As might be expected, brain size tends to increase with body size (measured by weight, which is roughly equivalent to volume). The relationship is not a strict proportionality, though: averaging across all orders of mammals, it follows a power law, with an exponent of about 0.75. There are good reasons for expecting a power law: for example, the body-size-to-body-length relationship follows a power law with an exponent of 0.33, and the body-size-to-surface-area relationship a power law with an exponent of 0.67. The explanation for an exponent of 0.75 is not obvious—however it is worth noting that several physiological variables appear to be related to body size by approximately the same exponent, for example, the basal metabolic rate. This power law formula applies to the "average" brain of mammals taken as a whole, but each family (cats, rodents, primates, etc) departs from it to some degree, in a way that generally reflects the overall "sophistication" of behavior. Primates, for a given body size, have brains 5 to 10 times as large as the formula predicts. Predators tend to have relatively larger brains than the animals they prey on; placental mammals (the great majority) have relatively larger brains than marsupials such as the opossum.
When the mammalian brain increases in size, not all parts increase at the same rate. In particular, the larger the brain of a species, the greater the fraction taken up by the cortex. Thus, in the species with the largest brains, most of their volume is filled with cortex: this applies not only to humans, but also to animals such as dolphins, whales, or elephants.
The evolution of homo sapiens over the past two million years has been marked by a steady increase in brain size, but much of it can be accounted for by corresponding increases in body size.
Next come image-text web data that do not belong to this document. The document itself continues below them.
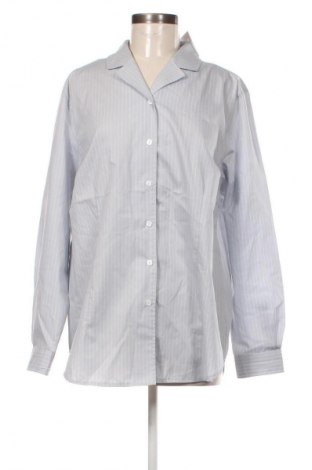 Női ing Your Sixth Sense, Méret XL, Szín Sokszínű, Ár 5 564 Ft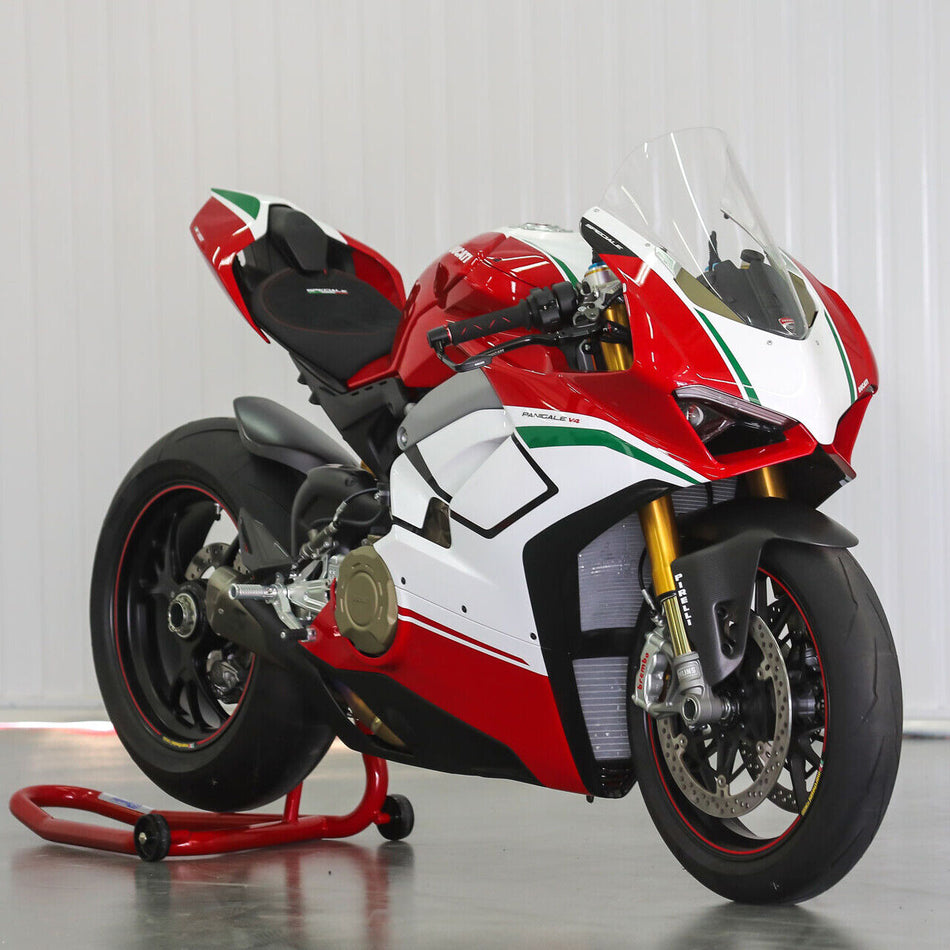 Kit de vente AMOTOPART 2018-2019 Ducati Panigale V4 V4S V4SP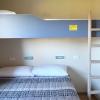 nrma shellharbour beachside holiday park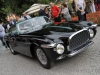 2015-05-23 CdEVdE 212 Inter Coupe Vignale - 267 EU (36)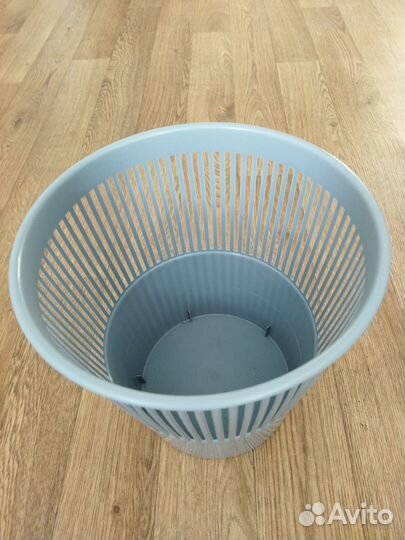 Корзина для бумаг / мусора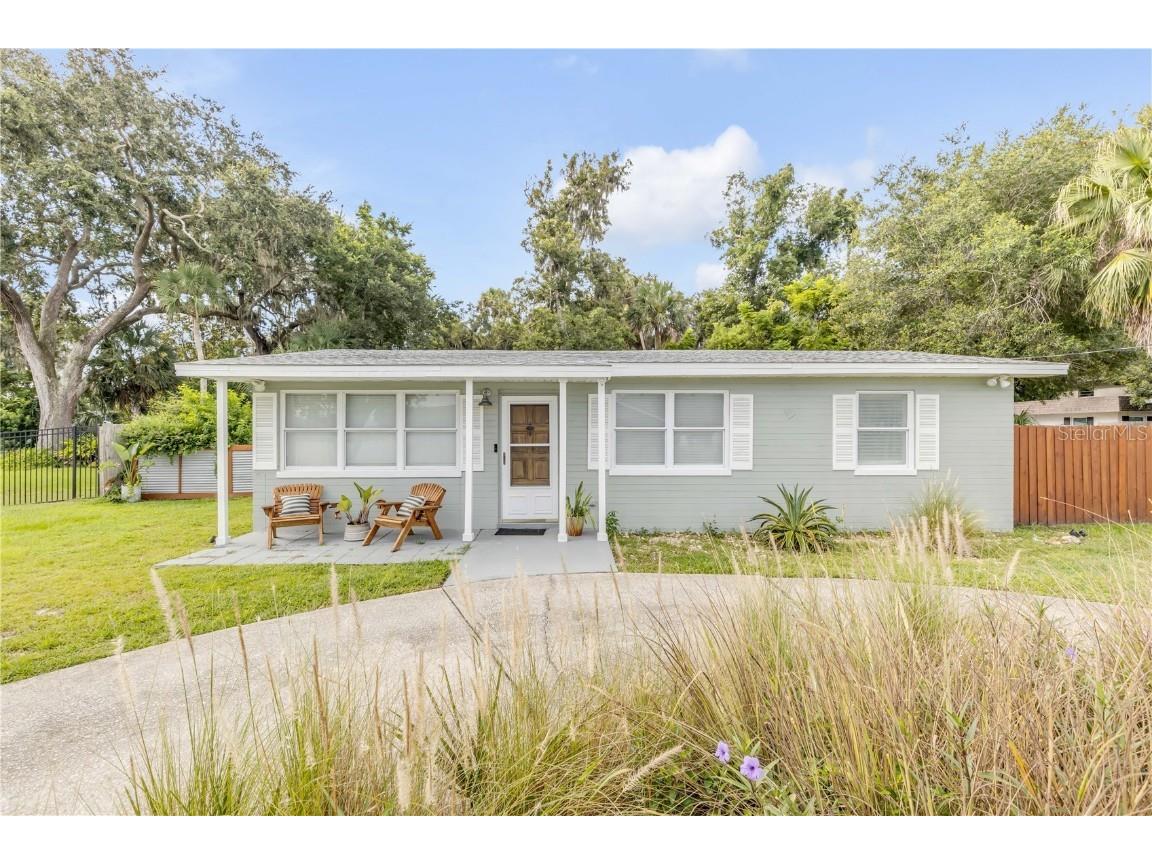 124 Hardin Place Edgewater FL 32132 NS1085871 image41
There are, however, many departures from the trend that are difficult to explain in a systematic way: in particular, the appearance of modern man about 100,000 years ago was marked by a decrease in body size at the same time as an increase in brain size. Even so, it is notorious that Neanderthals, which went extinct about 40,000 years ago, had larger brains than modern homo sapiens.
Not all investigators are happy with the amount of attention that has been paid to brain size. Roth and Dicke, for example, have argued that factors other than size are more highly correlated with intelligence, such as the number of cortical neurons and the speed of their connections. Moreover they point out that intelligence depends not just on the amount of brain tissue, but on the details of how it is structured.